In the Rumsfeld model, this is referred to as a “unknown known.” The plaintiffs and their counsel likely understood Warhol but failed to operationalize it in their arguments. Once again, 

The Corporate Parallel: Thinking in Tension

Too often, engineering teams race ahead with what’s possible, while legal teams play defense after launch. This leads to the risk of whiplash and reputational damage. The companies that will win in the AI era will:

  • Assemble red teams to argue the counterpoint.
  • Create scenario decks for unknown rulings.
  • Invest in legal R&D, not just compliance.

Your legal strategy is no longer a fence. It’s a chessboard.

I recall a time when, while documenting a process our team developed with one of IBM’s patent attorneys, she asked me: “If you were aware of this patent, how would you design around it?”

She explained that her role was not just to protect an invention through a patent, but also to anticipate how others might circumvent it. She introduced me to the concept of “bracketing,” where competitors file adjacent or incremental patents, hoping to negotiate royalty-free cross-licensing instead of paying to use the original innovation.

This kind of anticipatory legal strategy is precisely what was missing in the plaintiffs’ approach. They focused on defending what was taken but failed to proactively shape the rules of engagement for how their work should be accessed, licensed, or compensated in the age of AI.

Strategic Uncertainty and Cognitive Range

We are not just in an age of innovation. We are in an age of strategic uncertainty. The Meta case is not just a copyright issue; it is a referendum on how prepared organizations are to argue in the unknown.

To quote Harvard Professor Constance Bagley:

“Law is not a dry set of rules. It is a dynamic tool for shaping competitive advantage.”

To prevail in a copyright lawsuit, especially against technology companies using works for AI training, plaintiffs must do more than show unauthorized use. They must provide convincing, concrete evidence that such use causes or threatens real market harm to their works. Without this, as seen in the Meta case, courts are likely to rule in favor of defendants, especially when a fair use argument is credible and strategically positioned.

So ask yourself:
Does your organization only argue its side?
Or is it building the capacity to anticipate, articulate, and even strengthen the other side’s position before it’s forced to?

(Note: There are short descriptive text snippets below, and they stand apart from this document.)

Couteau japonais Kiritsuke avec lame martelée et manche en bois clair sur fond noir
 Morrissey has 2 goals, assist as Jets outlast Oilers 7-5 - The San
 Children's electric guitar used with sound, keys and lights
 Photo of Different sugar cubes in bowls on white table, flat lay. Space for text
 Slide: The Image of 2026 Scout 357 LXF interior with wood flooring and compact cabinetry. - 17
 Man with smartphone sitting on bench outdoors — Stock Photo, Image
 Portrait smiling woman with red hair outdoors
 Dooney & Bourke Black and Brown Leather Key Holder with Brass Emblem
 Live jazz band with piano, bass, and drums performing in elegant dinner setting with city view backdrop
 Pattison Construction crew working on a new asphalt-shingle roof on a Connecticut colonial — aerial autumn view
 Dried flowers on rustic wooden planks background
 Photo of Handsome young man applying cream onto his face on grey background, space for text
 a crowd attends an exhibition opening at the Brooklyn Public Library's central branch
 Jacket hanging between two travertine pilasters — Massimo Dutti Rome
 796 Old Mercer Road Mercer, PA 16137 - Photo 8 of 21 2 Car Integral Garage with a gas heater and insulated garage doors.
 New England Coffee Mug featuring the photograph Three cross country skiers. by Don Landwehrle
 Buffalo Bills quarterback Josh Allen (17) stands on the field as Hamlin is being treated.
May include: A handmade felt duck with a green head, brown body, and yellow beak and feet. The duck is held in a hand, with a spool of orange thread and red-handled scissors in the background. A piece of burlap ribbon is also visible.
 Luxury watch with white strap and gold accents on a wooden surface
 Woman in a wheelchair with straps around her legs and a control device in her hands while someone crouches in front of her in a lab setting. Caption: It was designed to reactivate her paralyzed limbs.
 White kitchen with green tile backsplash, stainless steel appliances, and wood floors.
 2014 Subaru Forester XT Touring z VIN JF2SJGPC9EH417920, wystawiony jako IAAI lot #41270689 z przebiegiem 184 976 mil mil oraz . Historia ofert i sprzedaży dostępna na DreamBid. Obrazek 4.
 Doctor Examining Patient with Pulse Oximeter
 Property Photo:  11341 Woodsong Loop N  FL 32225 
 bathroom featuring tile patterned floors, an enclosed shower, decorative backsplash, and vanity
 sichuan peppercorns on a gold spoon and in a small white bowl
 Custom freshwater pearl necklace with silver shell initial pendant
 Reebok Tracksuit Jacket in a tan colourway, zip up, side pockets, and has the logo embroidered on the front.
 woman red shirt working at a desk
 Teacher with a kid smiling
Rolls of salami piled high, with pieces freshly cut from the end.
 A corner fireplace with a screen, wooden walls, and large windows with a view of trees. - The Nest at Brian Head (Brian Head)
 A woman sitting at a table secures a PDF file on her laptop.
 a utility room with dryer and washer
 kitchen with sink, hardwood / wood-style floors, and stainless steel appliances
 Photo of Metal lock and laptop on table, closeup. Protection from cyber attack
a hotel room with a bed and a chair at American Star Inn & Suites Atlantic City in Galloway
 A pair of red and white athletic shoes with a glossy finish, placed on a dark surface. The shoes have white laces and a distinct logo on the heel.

That, in the AI era, is not just a matter of legal foresight. It’s strategic survival.

Optional Reading:  Constance Bagley and the Strategic Use of Law

A great book recommended for my International IP Law course was Winning Legally” by Harvard Professor Constance Bagley.  She argues that the law should not be seen merely as a constraint but as a tool to:

  • Create value
  • Marshal resources
  • Manage risk

Applying Bagley’s lens to this case:

  • Could the authors or their publishers have developed a pilot licensing framework with AI labs to demonstrate market demand preemptively?
  • Could they have marshaled broader industry support to demonstrate commercial intent, rather than just grievance?
  • Could they have modeled the risk of silence on attribution, economic harm, and long-term erosion of rights?

Disclaimer:
The opinions expressed in this article are my own and are based on public case information, strategic analysis, and personal experience. I am not an attorney, and this article does not constitute legal advice. Readers should consult legal counsel for guidance on specific legal matters.